Your instructions
The answer is to be an exact copy of the lines below running from the line with "台灣犬路易王 Line貼圖 Line Store 台灣犬路易王" down to the line with "curso de manipulacion de alimentos modulo 1", both ends included, and nothing more.

Data to use
Segment Open

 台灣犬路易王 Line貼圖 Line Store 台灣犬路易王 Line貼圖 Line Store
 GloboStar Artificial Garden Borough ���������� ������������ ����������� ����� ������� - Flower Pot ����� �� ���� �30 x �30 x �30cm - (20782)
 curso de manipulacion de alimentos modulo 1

Segment Closed
Segment Open

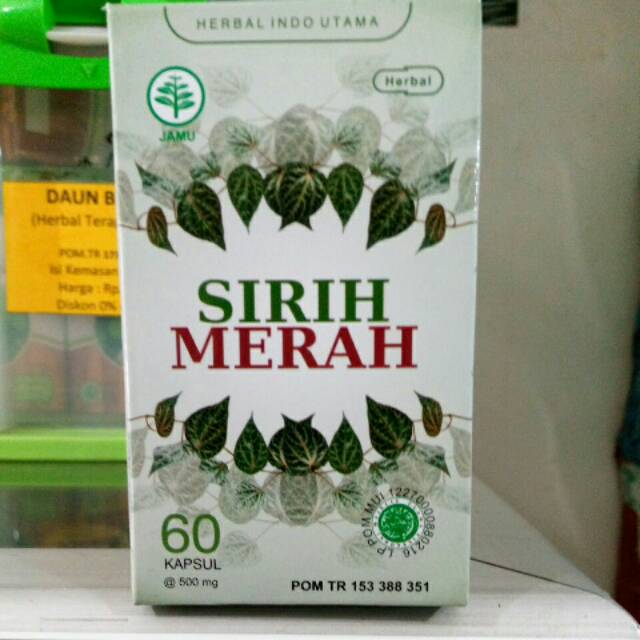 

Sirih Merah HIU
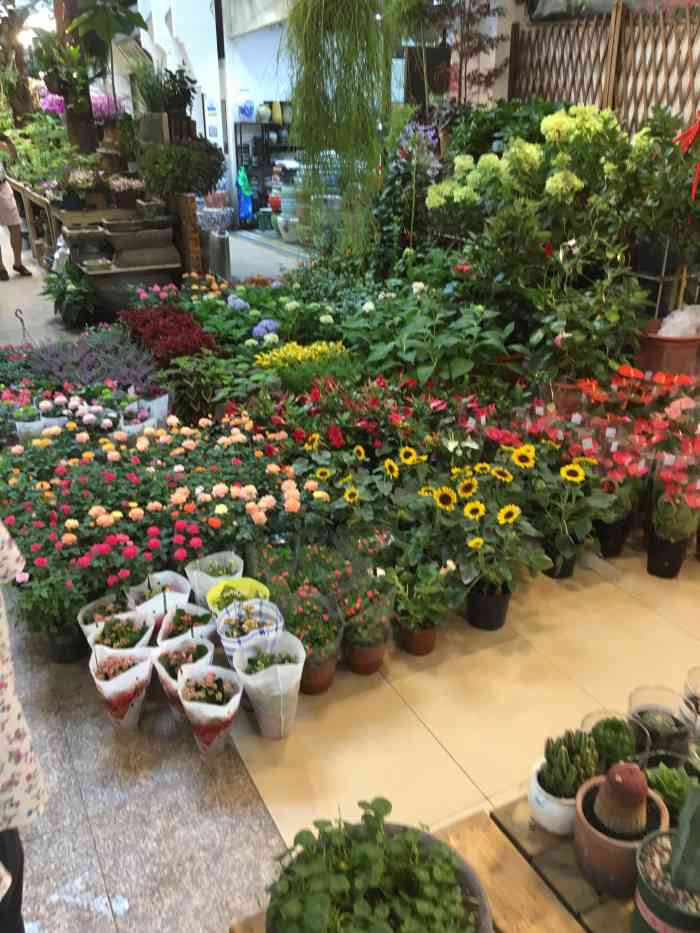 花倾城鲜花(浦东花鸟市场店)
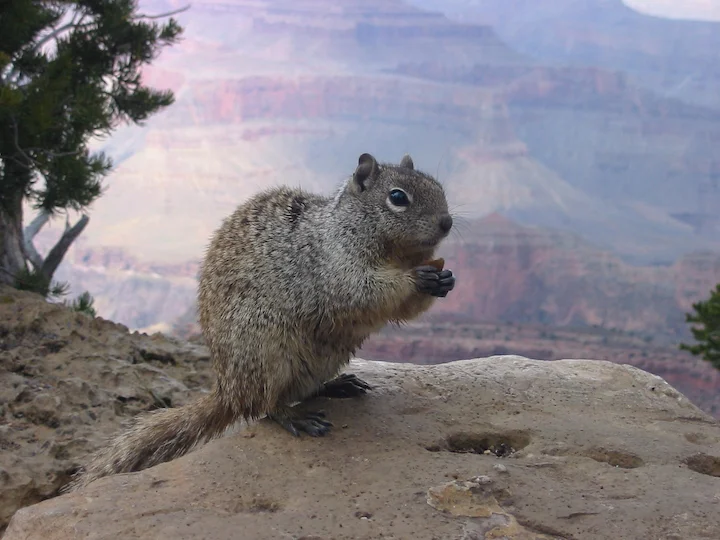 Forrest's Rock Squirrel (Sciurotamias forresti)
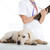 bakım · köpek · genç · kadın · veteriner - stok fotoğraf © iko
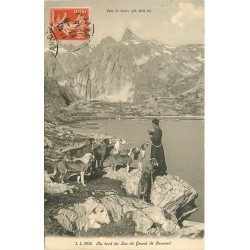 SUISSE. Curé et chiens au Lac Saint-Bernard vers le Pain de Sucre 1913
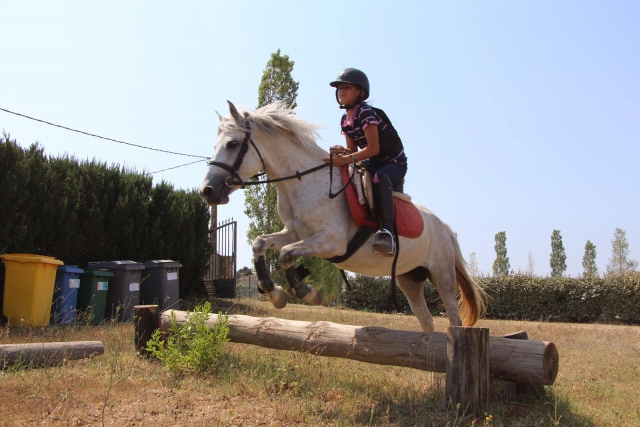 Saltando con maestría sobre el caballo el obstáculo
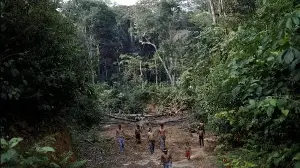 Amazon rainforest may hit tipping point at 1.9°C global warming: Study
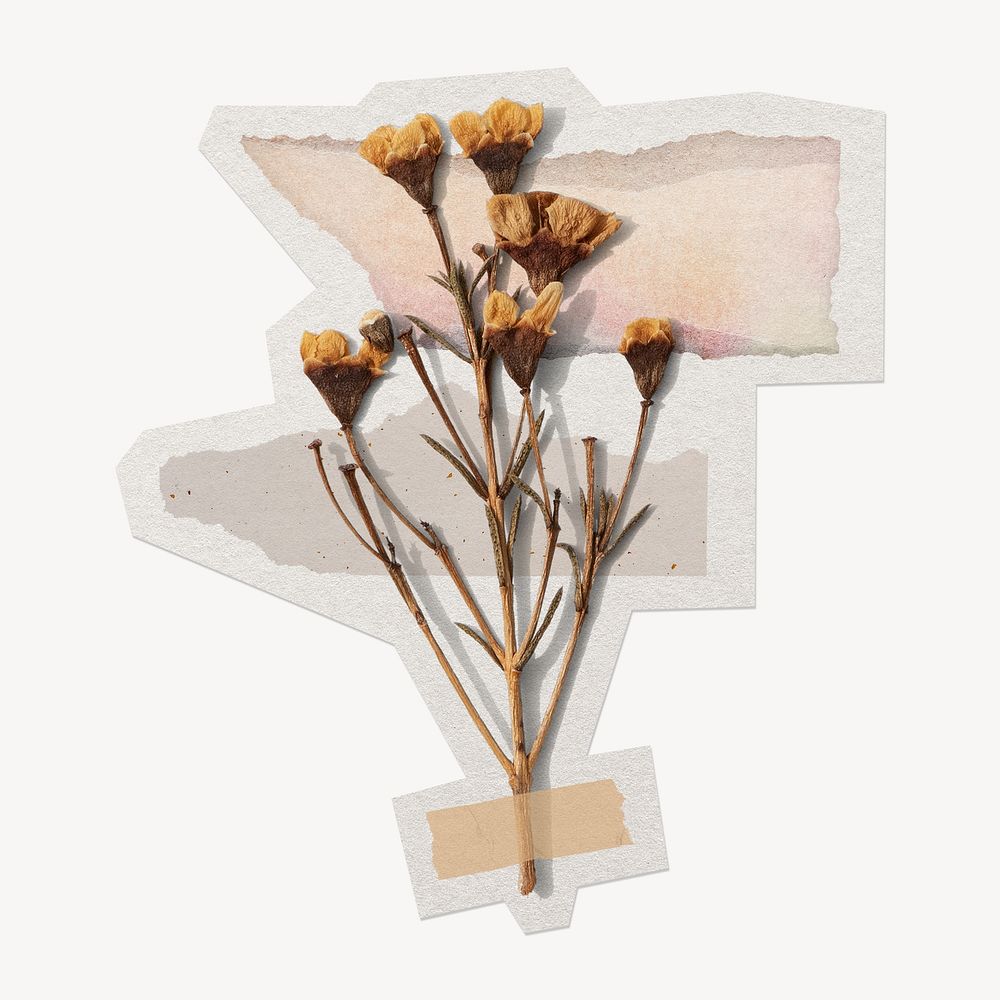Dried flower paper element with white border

Segment Closed
Segment Open

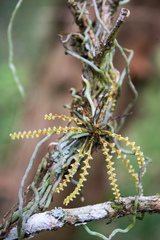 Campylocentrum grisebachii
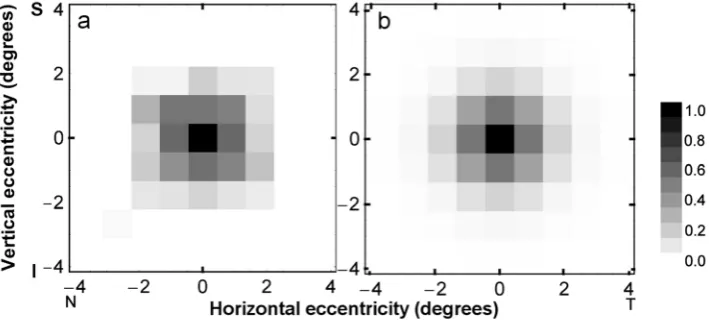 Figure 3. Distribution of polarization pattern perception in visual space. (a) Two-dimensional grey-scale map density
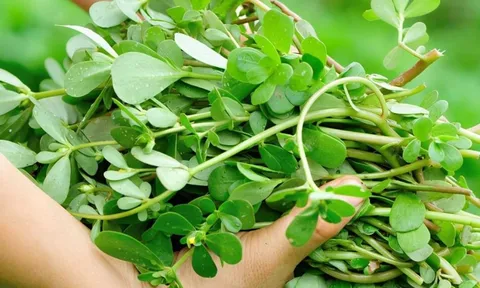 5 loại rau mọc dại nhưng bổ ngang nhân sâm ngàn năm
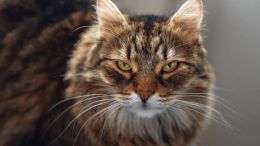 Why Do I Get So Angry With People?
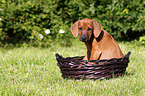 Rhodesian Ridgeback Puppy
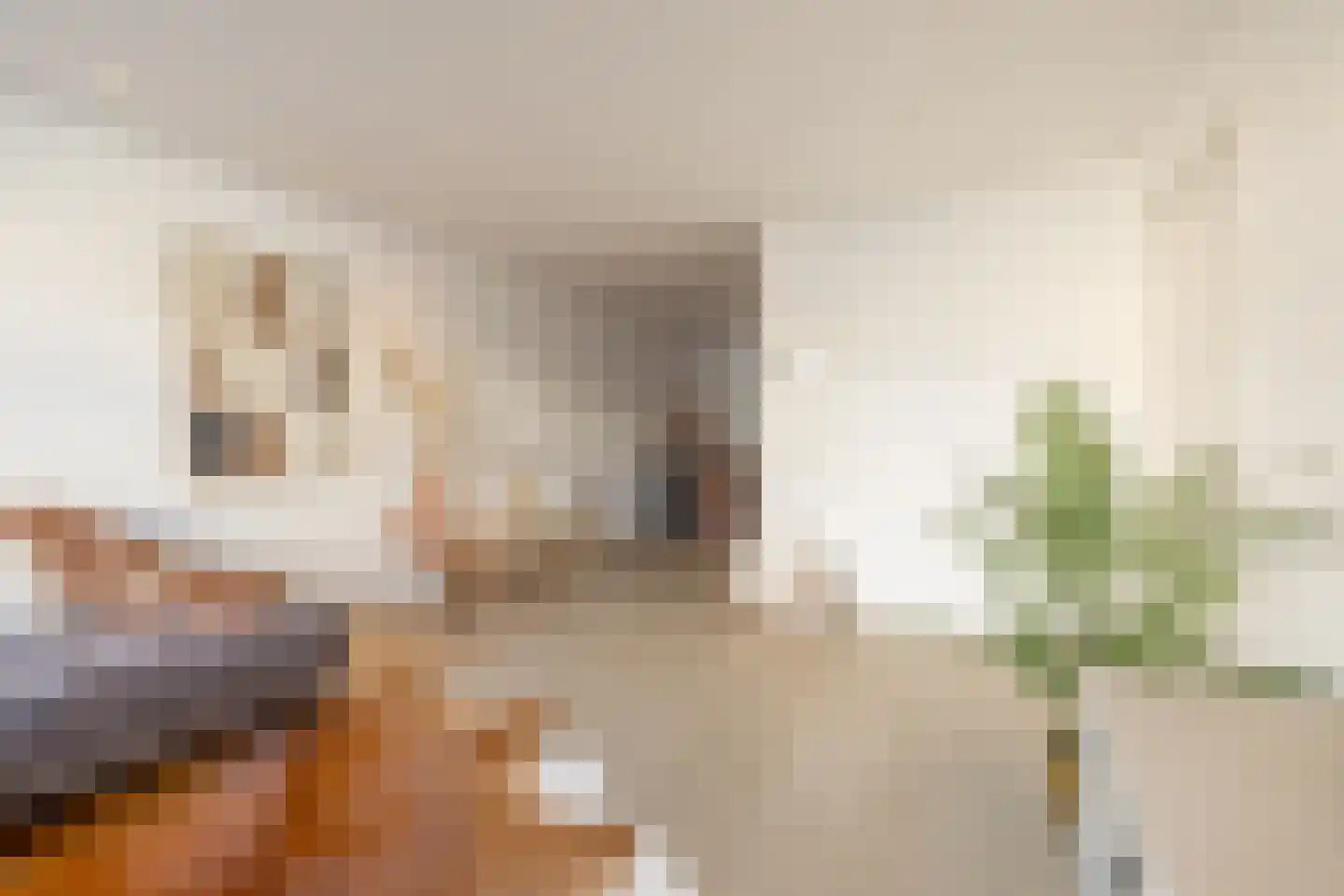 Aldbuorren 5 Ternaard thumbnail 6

Segment Closed

Exercise output
 台灣犬路易王 Line貼圖 Line Store 台灣犬路易王 Line貼圖 Line Store
 GloboStar Artificial Garden Borough ���������� ������������ ����������� ����� ������� - Flower Pot ����� �� ���� �30 x �30 x �30cm - (20782)
 curso de manipulacion de alimentos modulo 1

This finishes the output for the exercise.